→ What is expected
Would you please write out each entry that follows, exactly as written?
------ Materials provided
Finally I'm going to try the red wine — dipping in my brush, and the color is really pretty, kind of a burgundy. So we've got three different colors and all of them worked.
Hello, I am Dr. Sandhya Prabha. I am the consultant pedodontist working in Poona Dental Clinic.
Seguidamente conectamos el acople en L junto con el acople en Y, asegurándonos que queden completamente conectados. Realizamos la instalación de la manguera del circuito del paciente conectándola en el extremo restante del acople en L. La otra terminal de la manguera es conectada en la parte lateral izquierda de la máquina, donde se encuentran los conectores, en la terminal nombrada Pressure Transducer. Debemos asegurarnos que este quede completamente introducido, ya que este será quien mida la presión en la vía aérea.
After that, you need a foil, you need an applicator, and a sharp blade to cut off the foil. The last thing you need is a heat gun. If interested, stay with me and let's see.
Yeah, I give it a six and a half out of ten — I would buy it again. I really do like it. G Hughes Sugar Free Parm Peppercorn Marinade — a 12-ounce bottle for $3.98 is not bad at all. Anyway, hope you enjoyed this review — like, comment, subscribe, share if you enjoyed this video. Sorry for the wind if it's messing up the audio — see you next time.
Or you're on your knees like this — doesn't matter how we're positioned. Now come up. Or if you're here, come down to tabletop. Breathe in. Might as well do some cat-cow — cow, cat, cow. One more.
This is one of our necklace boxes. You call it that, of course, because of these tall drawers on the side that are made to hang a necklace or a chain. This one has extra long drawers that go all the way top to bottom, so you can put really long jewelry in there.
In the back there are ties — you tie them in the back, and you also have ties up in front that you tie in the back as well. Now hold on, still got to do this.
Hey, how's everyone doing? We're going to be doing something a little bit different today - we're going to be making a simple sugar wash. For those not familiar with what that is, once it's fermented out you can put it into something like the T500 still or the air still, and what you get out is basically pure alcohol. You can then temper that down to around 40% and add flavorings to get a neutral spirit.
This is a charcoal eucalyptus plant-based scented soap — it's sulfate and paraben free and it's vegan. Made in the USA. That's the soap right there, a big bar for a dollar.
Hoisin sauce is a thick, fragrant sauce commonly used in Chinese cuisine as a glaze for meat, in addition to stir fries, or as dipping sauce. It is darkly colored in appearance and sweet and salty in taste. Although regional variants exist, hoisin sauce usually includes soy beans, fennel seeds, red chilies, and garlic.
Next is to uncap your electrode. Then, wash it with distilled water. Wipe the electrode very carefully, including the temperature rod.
------------
→ Exercise solution
Finally I'm going to try the red wine — dipping in my brush, and the color is really pretty, kind of a burgundy. So we've got three different colors and all of them worked.
Hello, I am Dr. Sandhya Prabha. I am the consultant pedodontist working in Poona Dental Clinic.
Seguidamente conectamos el acople en L junto con el acople en Y, asegurándonos que queden completamente conectados. Realizamos la instalación de la manguera del circuito del paciente conectándola en el extremo restante del acople en L. La otra terminal de la manguera es conectada en la parte lateral izquierda de la máquina, donde se encuentran los conectores, en la terminal nombrada Pressure Transducer. Debemos asegurarnos que este quede completamente introducido, ya que este será quien mida la presión en la vía aérea.
After that, you need a foil, you need an applicator, and a sharp blade to cut off the foil. The last thing you need is a heat gun. If interested, stay with me and let's see.
Yeah, I give it a six and a half out of ten — I would buy it again. I really do like it. G Hughes Sugar Free Parm Peppercorn Marinade — a 12-ounce bottle for $3.98 is not bad at all. Anyway, hope you enjoyed this review — like, comment, subscribe, share if you enjoyed this video. Sorry for the wind if it's messing up the audio — see you next time.
Or you're on your knees like this — doesn't matter how we're positioned. Now come up. Or if you're here, come down to tabletop. Breathe in. Might as well do some cat-cow — cow, cat, cow. One more.
This is one of our necklace boxes. You call it that, of course, because of these tall drawers on the side that are made to hang a necklace or a chain. This one has extra long drawers that go all the way top to bottom, so you can put really long jewelry in there.
In the back there are ties — you tie them in the back, and you also have ties up in front that you tie in the back as well. Now hold on, still got to do this.
Hey, how's everyone doing? We're going to be doing something a little bit different today - we're going to be making a simple sugar wash. For those not familiar with what that is, once it's fermented out you can put it into something like the T500 still or the air still, and what you get out is basically pure alcohol. You can then temper that down to around 40% and add flavorings to get a neutral spirit.
This is a charcoal eucalyptus plant-based scented soap — it's sulfate and paraben free and it's vegan. Made in the USA. That's the soap right there, a big bar for a dollar.
Hoisin sauce is a thick, fragrant sauce commonly used in Chinese cuisine as a glaze for meat, in addition to stir fries, or as dipping sauce. It is darkly colored in appearance and sweet and salty in taste. Although regional variants exist, hoisin sauce usually includes soy beans, fennel seeds, red chilies, and garlic.
Next is to uncap your electrode. Then, wash it with distilled water. Wipe the electrode very carefully, including the temperature rod.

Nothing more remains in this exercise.